Add a RSS feed for the news page

lazka · lazka · commit d14cd7dfd745 · 2025-08-08T12:03:47.000+02:00
This parses the HTML output from mkdocs and creates a feed file.
diff --git a/.github/workflows/main.yml b/.github/workflows/main.yml
@@ -40,7 +40,9 @@ jobs:
         run: |
           poetry install
 
-      - run: poetry run mkdocs build
+      - run: |
+          poetry run mkdocs build
+          poetry run python news2rss.py -f site/news/index.html -o site/news.xml
 
       - name: Upload for pages
         uses: actions/upload-pages-artifact@v3
diff --git a/mkdocs.yml b/mkdocs.yml
@@ -90,7 +90,8 @@ markdown_extensions:
     - pymdownx.critic
     - pymdownx.details
     - pymdownx.emoji:
-        emoji_generator: !!python/name:pymdownx.emoji.to_svg
+        emoji_index: !!python/name:material.extensions.emoji.twemoji
+        emoji_generator: !!python/name:material.extensions.emoji.to_svg
     - pymdownx.inlinehilite
     - pymdownx.magiclink
     - pymdownx.mark
diff --git a/news2rss.py b/news2rss.py
@@ -0,0 +1,136 @@
+#!#!/usr/bin/env python3
+# Converts the news page to an RSS feed
+
+import re
+import argparse
+from bs4 import BeautifulSoup
+from datetime import datetime
+import xml.etree.ElementTree as ET
+from urllib.parse import urljoin
+
+
+def extract_canonical_url(soup):
+    """Extract the canonical URL from the HTML content"""
+
+    canonical_link = soup.find("link", rel="canonical")

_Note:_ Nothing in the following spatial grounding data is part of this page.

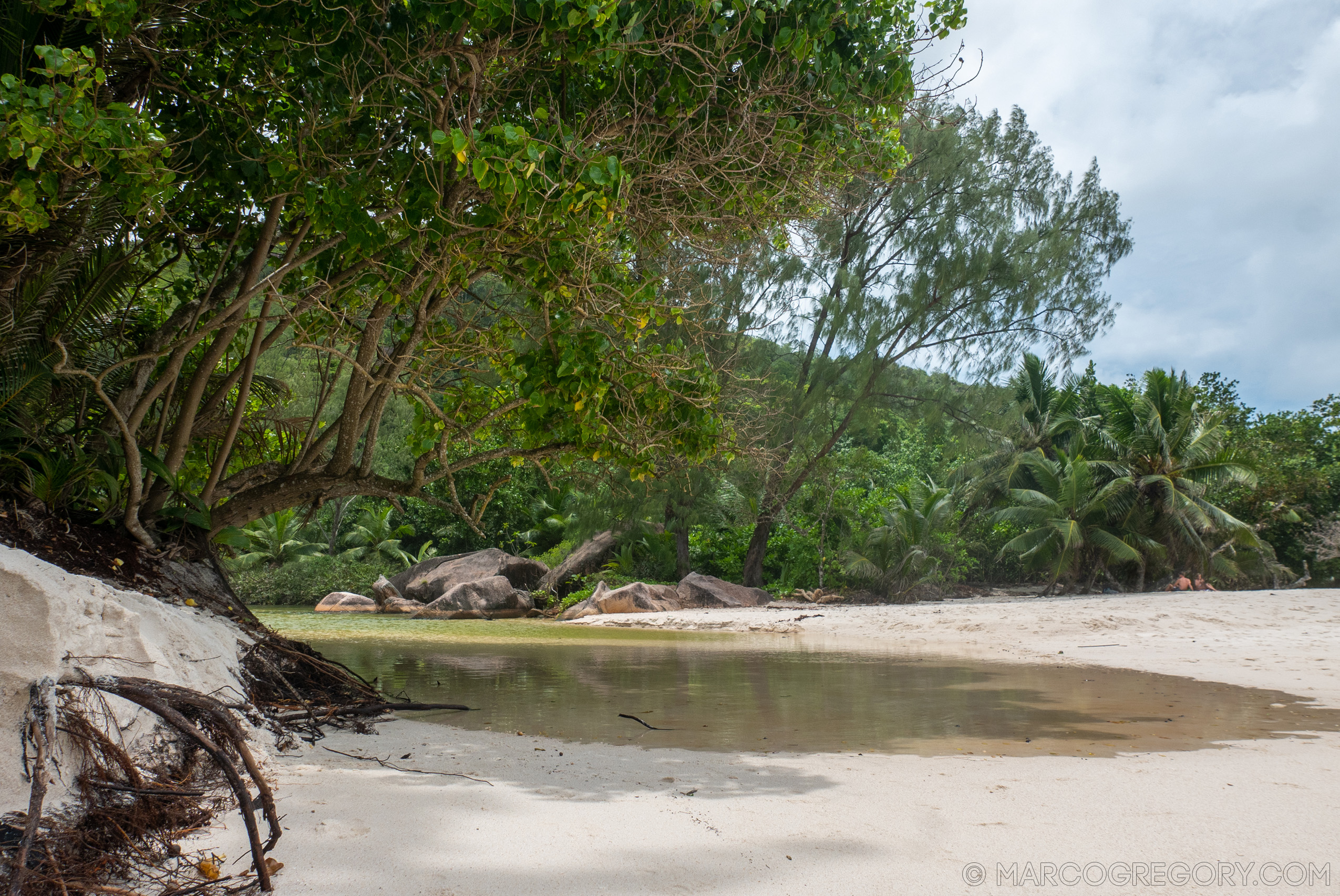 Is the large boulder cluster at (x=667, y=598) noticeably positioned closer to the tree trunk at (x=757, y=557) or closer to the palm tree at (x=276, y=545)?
the tree trunk at (x=757, y=557)

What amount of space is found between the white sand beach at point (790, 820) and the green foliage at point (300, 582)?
20517 mm

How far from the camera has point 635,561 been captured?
2194cm

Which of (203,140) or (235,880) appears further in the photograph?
(203,140)

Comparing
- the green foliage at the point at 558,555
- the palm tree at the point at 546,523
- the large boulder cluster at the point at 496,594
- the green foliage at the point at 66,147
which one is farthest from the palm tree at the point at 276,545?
the green foliage at the point at 66,147

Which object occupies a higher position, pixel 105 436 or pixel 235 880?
pixel 105 436

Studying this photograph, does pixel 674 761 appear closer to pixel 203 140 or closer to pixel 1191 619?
pixel 203 140

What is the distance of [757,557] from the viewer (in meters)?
20.0

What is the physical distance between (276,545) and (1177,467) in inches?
991

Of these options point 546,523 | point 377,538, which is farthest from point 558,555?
point 377,538

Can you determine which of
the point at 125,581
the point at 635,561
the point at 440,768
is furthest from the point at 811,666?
the point at 635,561

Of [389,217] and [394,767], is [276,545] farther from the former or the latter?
[394,767]

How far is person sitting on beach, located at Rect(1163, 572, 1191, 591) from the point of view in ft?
59.5

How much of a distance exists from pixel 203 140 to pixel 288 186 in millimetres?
1139

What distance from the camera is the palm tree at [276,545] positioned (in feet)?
81.1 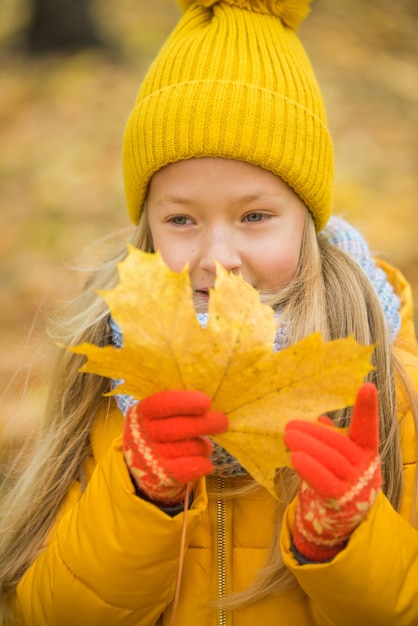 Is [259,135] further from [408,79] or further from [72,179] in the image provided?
[408,79]

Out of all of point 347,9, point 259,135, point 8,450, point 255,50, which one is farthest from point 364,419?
point 347,9

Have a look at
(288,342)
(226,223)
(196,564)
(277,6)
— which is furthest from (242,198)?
(196,564)

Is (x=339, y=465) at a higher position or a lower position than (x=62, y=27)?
higher

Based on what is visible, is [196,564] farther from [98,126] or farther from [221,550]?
[98,126]

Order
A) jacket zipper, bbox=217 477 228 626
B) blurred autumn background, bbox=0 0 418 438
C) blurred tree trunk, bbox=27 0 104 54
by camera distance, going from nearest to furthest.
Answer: jacket zipper, bbox=217 477 228 626
blurred autumn background, bbox=0 0 418 438
blurred tree trunk, bbox=27 0 104 54

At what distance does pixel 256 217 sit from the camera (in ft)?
5.98

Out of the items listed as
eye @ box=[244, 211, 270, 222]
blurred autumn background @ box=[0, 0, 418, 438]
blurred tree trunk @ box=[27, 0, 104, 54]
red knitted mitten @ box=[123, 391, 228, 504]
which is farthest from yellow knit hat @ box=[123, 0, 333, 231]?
blurred tree trunk @ box=[27, 0, 104, 54]

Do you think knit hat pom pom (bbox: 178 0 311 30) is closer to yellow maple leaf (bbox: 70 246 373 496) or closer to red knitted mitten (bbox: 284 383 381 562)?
yellow maple leaf (bbox: 70 246 373 496)

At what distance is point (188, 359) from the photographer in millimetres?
1223

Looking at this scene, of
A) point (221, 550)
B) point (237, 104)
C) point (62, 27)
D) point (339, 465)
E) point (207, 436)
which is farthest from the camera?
point (62, 27)

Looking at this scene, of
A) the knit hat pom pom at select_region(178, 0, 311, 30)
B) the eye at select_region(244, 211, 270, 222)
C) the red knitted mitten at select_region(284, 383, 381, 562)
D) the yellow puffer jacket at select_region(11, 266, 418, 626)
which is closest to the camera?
the red knitted mitten at select_region(284, 383, 381, 562)

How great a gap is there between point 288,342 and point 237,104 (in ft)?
1.94

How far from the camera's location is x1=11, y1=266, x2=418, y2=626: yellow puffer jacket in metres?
1.42

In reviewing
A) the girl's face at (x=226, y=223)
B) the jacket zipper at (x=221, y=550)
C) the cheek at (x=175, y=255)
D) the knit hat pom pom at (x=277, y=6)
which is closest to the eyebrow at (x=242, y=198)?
the girl's face at (x=226, y=223) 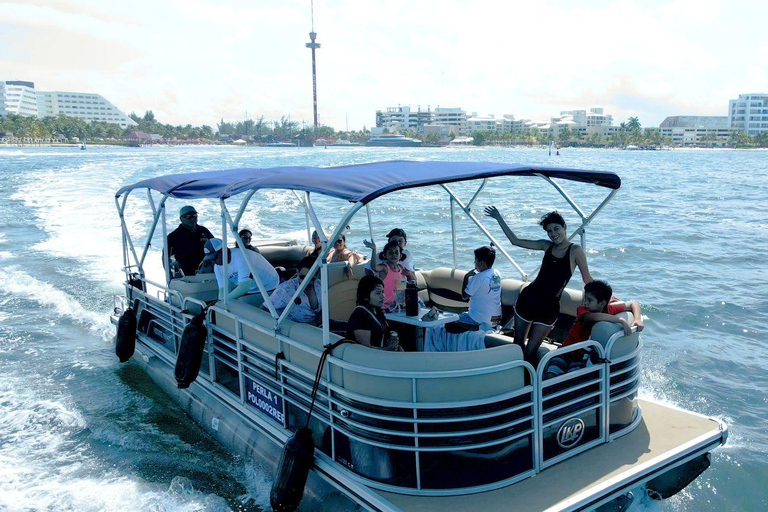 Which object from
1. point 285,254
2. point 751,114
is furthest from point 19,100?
point 285,254

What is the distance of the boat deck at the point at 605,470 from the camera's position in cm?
374

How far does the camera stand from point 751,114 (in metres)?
153

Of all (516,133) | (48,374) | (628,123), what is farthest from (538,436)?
(628,123)

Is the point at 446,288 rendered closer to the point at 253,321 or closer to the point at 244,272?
the point at 244,272

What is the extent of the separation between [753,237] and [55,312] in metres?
16.8

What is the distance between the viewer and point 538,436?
159 inches

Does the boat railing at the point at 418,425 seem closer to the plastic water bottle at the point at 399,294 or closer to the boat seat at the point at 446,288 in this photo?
the plastic water bottle at the point at 399,294

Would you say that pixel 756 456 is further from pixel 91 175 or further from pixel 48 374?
pixel 91 175

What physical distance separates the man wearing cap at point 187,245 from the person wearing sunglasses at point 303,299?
99.3 inches

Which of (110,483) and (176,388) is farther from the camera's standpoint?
(176,388)

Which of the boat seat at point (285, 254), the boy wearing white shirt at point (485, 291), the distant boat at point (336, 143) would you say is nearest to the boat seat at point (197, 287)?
the boat seat at point (285, 254)

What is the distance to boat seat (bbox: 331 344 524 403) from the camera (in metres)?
3.77

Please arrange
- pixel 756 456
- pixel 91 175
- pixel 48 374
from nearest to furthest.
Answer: pixel 756 456 → pixel 48 374 → pixel 91 175

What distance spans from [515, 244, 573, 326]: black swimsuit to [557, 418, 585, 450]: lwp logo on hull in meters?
0.72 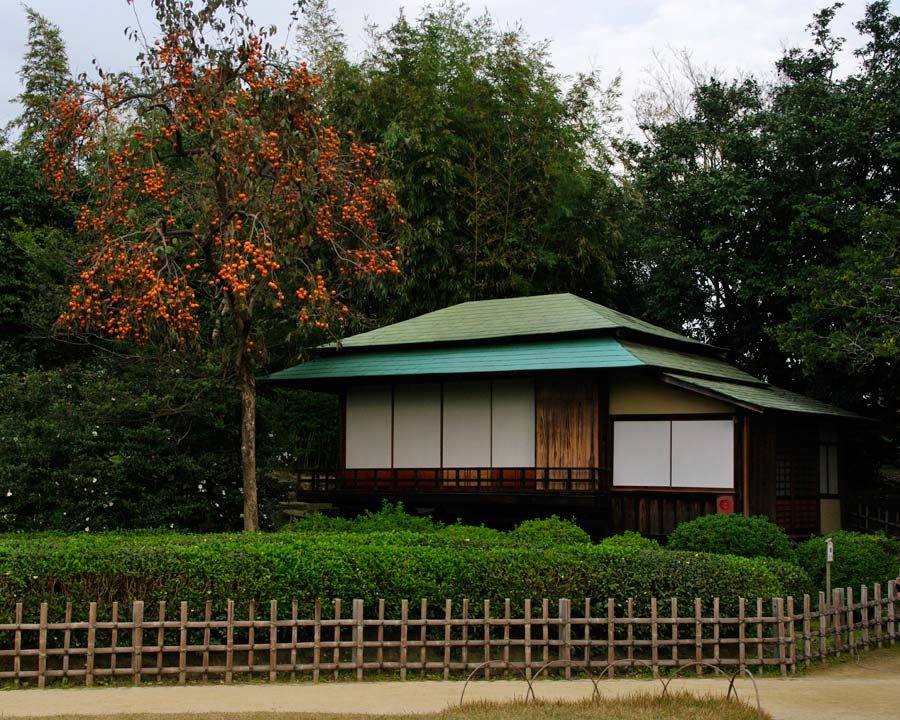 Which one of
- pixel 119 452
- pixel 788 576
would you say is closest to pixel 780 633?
pixel 788 576

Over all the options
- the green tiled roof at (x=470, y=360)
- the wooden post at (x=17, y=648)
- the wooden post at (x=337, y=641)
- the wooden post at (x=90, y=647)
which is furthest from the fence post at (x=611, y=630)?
the green tiled roof at (x=470, y=360)

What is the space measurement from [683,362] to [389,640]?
11768 mm

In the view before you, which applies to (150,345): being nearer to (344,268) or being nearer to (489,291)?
(344,268)

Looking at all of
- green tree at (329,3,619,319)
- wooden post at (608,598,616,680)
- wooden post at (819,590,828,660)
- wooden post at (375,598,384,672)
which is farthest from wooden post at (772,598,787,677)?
green tree at (329,3,619,319)

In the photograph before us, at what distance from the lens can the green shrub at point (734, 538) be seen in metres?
15.9

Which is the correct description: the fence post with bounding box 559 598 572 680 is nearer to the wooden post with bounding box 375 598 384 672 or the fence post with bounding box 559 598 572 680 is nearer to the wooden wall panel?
the wooden post with bounding box 375 598 384 672

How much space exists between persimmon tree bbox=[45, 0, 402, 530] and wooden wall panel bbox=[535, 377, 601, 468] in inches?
195

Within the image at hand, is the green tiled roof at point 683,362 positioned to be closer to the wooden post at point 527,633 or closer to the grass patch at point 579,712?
the wooden post at point 527,633

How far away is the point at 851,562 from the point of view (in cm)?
1634

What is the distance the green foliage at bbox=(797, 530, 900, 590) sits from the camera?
1628cm

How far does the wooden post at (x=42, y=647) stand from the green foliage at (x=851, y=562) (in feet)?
38.4

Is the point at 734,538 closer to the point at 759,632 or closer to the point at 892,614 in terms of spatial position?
the point at 892,614

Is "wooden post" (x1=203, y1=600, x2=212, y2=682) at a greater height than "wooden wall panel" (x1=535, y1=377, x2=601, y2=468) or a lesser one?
lesser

+    if canonical_link and canonical_link.get("href"):
+        return canonical_link["href"]
+    return None
+
+
+def make_urls_absolute(soup, base_url):
+    """Convert relative URLs to absolute URLs in the HTML content"""
+
+    # Handle links
+    for link in soup.find_all("a", href=True):
+        link["href"] = urljoin(base_url, link["href"])
+
+    # Handle images
+    for img in soup.find_all("img", src=True):
+        img["src"] = urljoin(base_url, img["src"])
+
+    return soup
+
+
+def html_to_rss(html_content, feed_title, feed_description):
+    soup = BeautifulSoup(html_content, "html.parser")
+
+    # Extract page URL from canonical link
+    page_url = extract_canonical_url(soup)
+    if not page_url:
+        raise ValueError("No canonical URL found in the HTML content")
+
+    print(f"Found canonical URL: {page_url}")
+
+    # Convert relative URLs to absolute
+    soup = make_urls_absolute(soup, page_url)
+
+    # Create RSS root structure
+    rss = ET.Element("rss", version="2.0")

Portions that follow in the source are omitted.